REPUBLIC, JENIPHER ATIENO OYUGI & GEORGE MICHAEL O. OYUGI v CHAIRMAN MIGORI DISTRICT LAND TRIBUNAL-AWENDO & RONGO RESIDENT MAGISTRATE’S COURT [2011] KEHC 4055 (KLR)
Full Case Text
NO. 356
REPUBLIC OF KENYA
IN THE HIGH COURT OF KENYA
AT KISII
JR.MISC.CIVIL APPLICATION NO. 3 OF 2010
IN THE MATTER OF APPLICATION BY JENIPHER OYUGI AND GEORGE MICHAEL O. OYUGI FOR LEAVE TO APPLY FOR
JUDICIAL REVIEW (CERTIORARI AND PROHIBITION)
AND
IN THE MATTER OF LAND DISPUTE TRIBUNAL ACT NO. 18 OF 1990
AND
IN THE MATTER OF SENIOR RESIDENT MAGISTRATE’S COURT AT RONGO
BETWEEN
REPUBLIC)
JENIPHER ATIENO OYUGI)
GEORGE MICHAEL O. OYUGI)............................................................APPLICANTS
VERSUS
CHAIRMAN MIGORI DISTRICT LAND TRIBUNAL-AWENDO..............1ST RESPONDENT
RONGO RESIDENT MAGISTRATE’S COURT...................................2ND RESPONDENT
AND
FRANCIS ODOYO OKUMU
DAMARIS AKEYO OKUMU.......................................................INTERESTED PARTIES
RULING
The applicants, Jenipher Otieno Oyugi and George Michael Oyugi, sought and obtained leave before Musinga J on 20th January, 2010 to apply for orders of Certiorari and Prohibition. Certiorari was aimed at removing into this court in order to quash the decision of Rongo District Land Disputes Tribunal, “the respondent” dated 22nd December, 2009 in which it allegedly, irregularly and illegally awarded the applicants’ land parcel North Sakwa/Kanyamgony/219. “the suit premises” to Francis Odoyo Okumu andDamaris Akeyo Okumu, “the interested parties”. Prohibition was directed against the senior resident magistrate’s court at Rongo, prohibiting it and or any other court of co-ordinate and competent jurisdiction from adopting and enforcing the decision of the 1st respondent aforesaid. Musinga J whilst granting leave also ordered that leave so granted do operate as stay of any further proceedings with regard to the award.
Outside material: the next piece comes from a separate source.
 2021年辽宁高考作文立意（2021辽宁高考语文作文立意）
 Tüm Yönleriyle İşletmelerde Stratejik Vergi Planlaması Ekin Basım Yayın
Following the grant of leave as aforesaid, the applicants filed this substantive Notice of Motion on 2nd February, 2010. Save for the order of leave operating as stay, the applicants merely transferred the other prayers in the application for leave to issue into this application. The application is supported by the statutory statement, the verifying affidavit and the annextures thereto.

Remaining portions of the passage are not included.